The world of digital gaming comes alive on Wake Technical Community College’s main campus this weekend. That’s where students are sharpening their skills to fill high-demand positions.

In a few months, Ryan Snell will graduate from Wake Tech. The result of his two years of higher education? A video game set in a flower garden.

"You actually have to keep these rabid bunnies away from stealing your flowers and another bunny who comes over and mows over your flowers," Snell explained.

The game is child's play, but the work behind it and other games is anything but simple. In his simulation and game-design courses, Snell has studied math, physics, history and programming.

"When people actually play it and they get into it, and they are like, ‘That is fun’ – that is an exhilarating feeling," Snell said.

In a two-day digital game expo at Wake Tech, Snell and other students will give potential employers the controls. Students hope to win jobs. The average salary after three years experience? Around $70,000 a year.

"It is one of the fastest-growing industries in the Triangle area," Walter D. Rotenberry, an instructor in the Simulation and Game Development program, said.

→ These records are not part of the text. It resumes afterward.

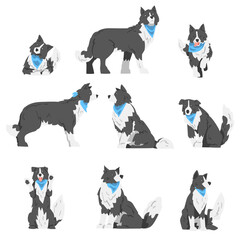 Border Collie Dog in Various Poses Set, Smart Shepherd Pet Animal with Black White Coat in Blue Neckerchief Cartoon Vector Illustration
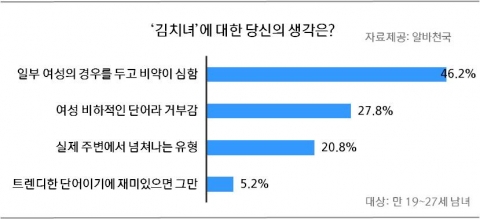 김치녀에 대한 의견 조사결과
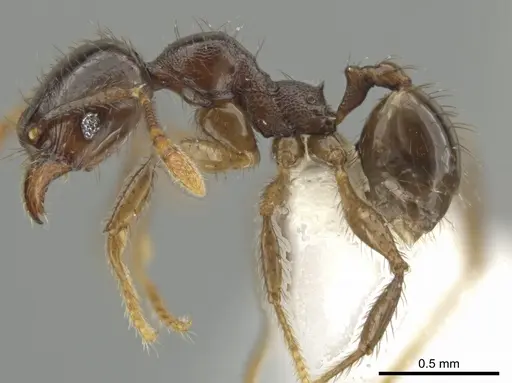 Pheidole rhinomontana - CASENT0642948
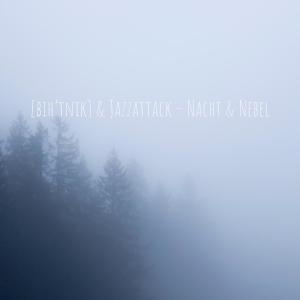 Album Nacht & Nebel (Video Edit) from [bih'tnik]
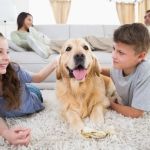 Best Dog Breeds for Active Families With Kids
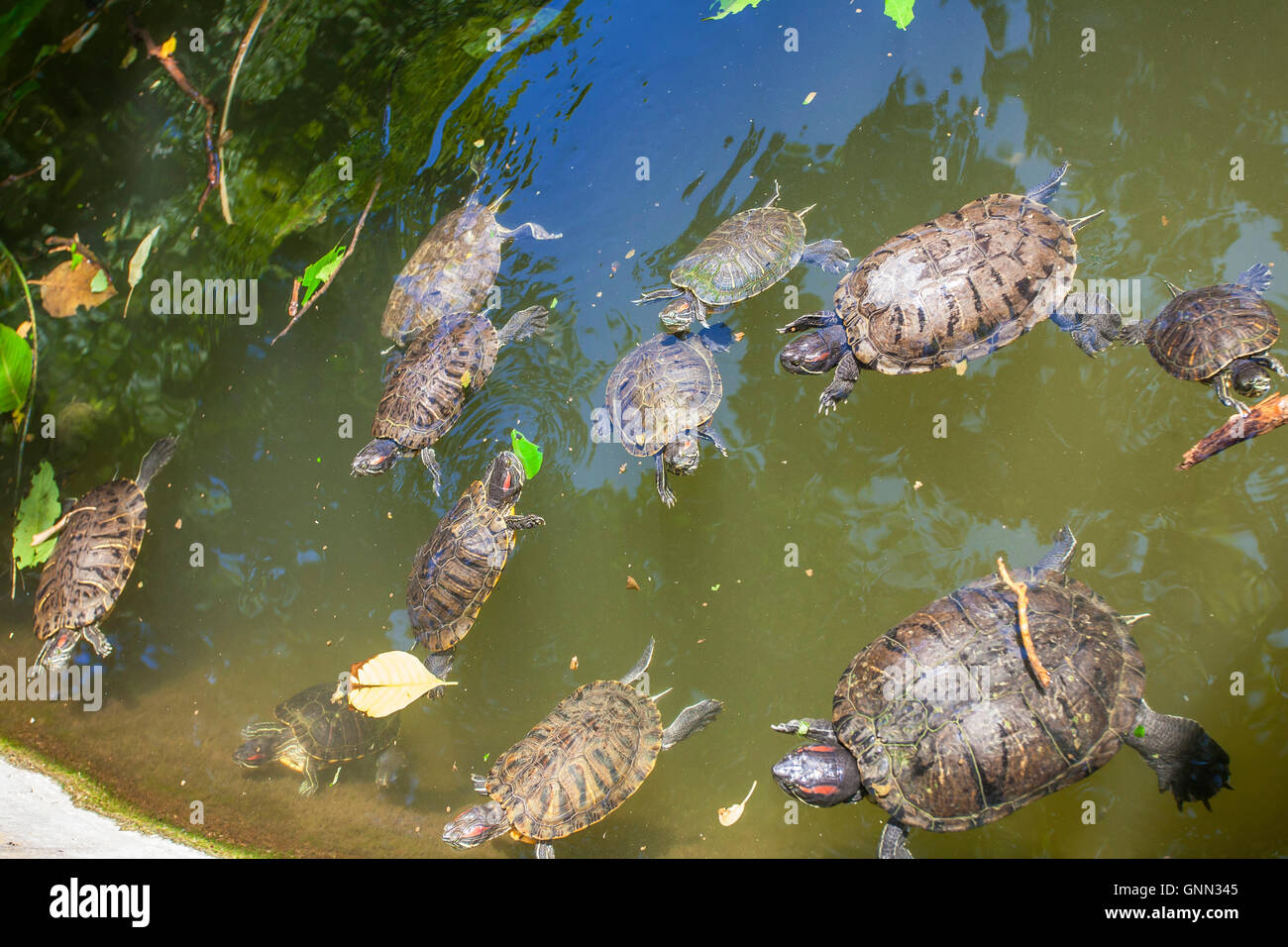 Rosso-eared slider tartarughe in lago (rosso-eared slider - Trachemys scripta elegans), il Giardino Nazionale parco pubblico nel centro di Atene, Foto Stock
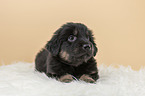 Hovawart puppy on sheepskin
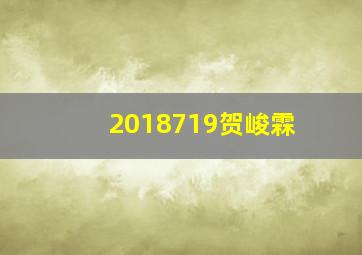 2018719贺峻霖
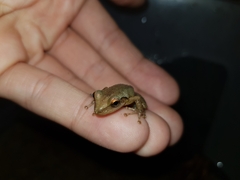 Scinax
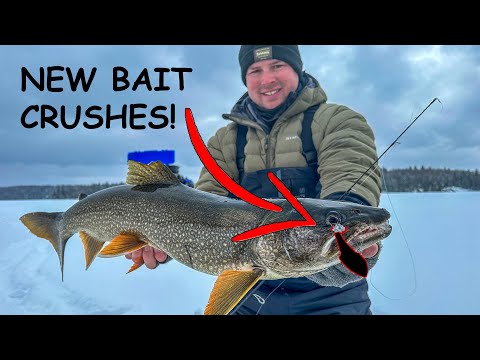 New bait CRUSHES Lake Trout! 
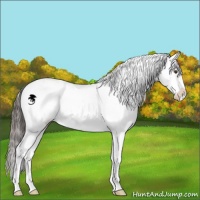 Horse Color:Classic Champagne Dun Sabino 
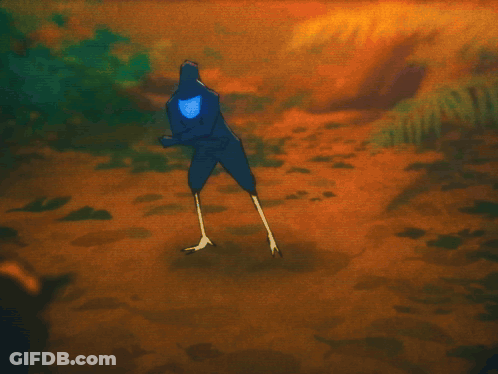 Two Birds Standing Beside Person GIF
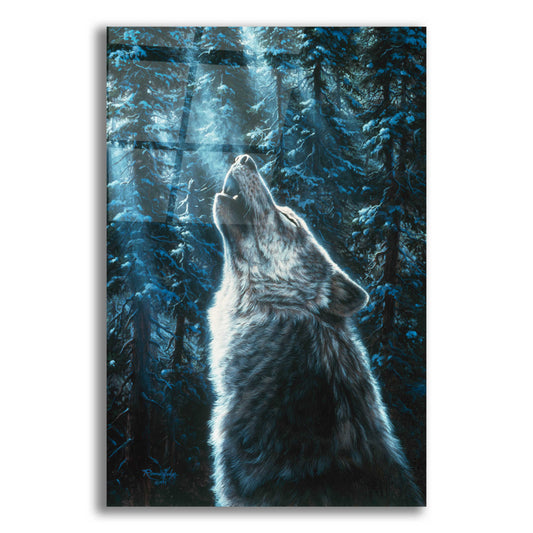 Epic Art 'Moonlight' by R. Hed, Acrylic Glass Wall Art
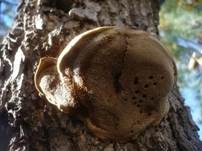 Tamarisken-Schillerporling, Foto 6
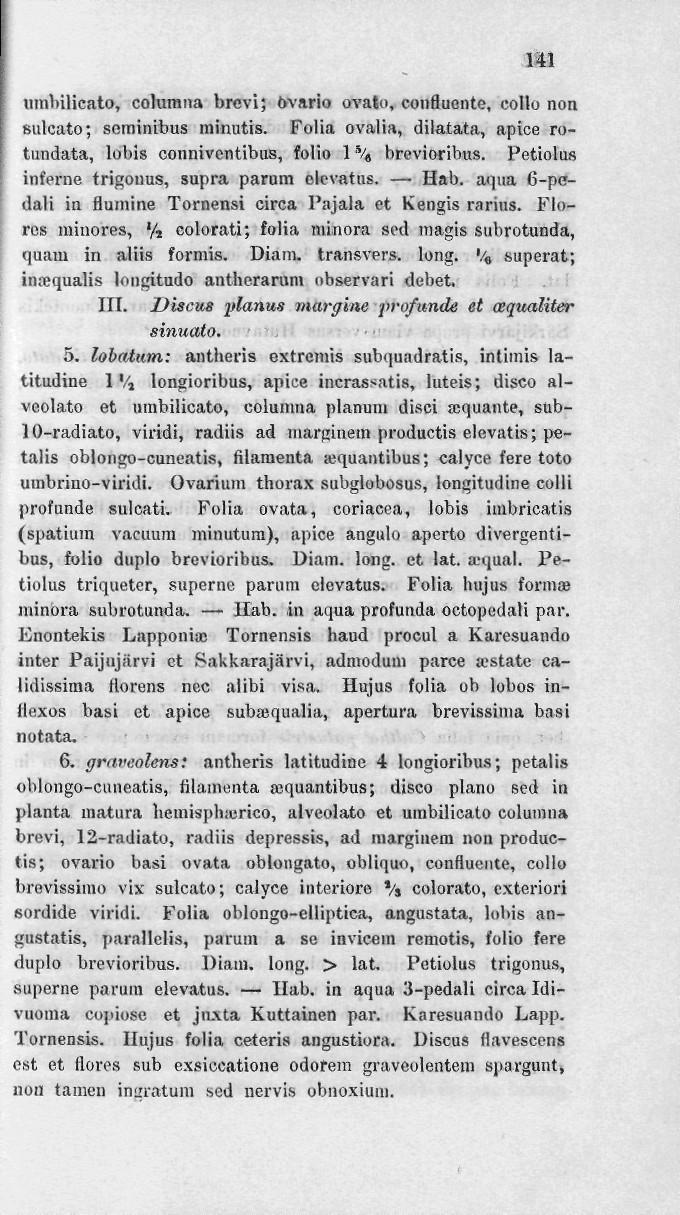 141 iunlulicato, colurana brcvi; bvario ovato, confluente, collo non sulcato; seminibus minutis. Folia ovalia, dilatata, apice rotundata, lobis connivcntibus, folio 1 % brevioribus.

There are only about 10 students in the games program’s first graduating class. The number of job openings? Closer to 200.

More than 40 gaming companies have offices in this area, and more are on the way. It is a billion- dollar industry that is hungry for fresh, young minds, and the first students to graduate from the new simulation and gaming program will walk across the stage in a couple months.

"I think I have gotten just about all of our graduates already placed for jobs starting in the fall," Rotenberry said.

The instructor says more students are signing up for the courses than he has space to accommodate. After all – who doesn't want to make a living out of making games?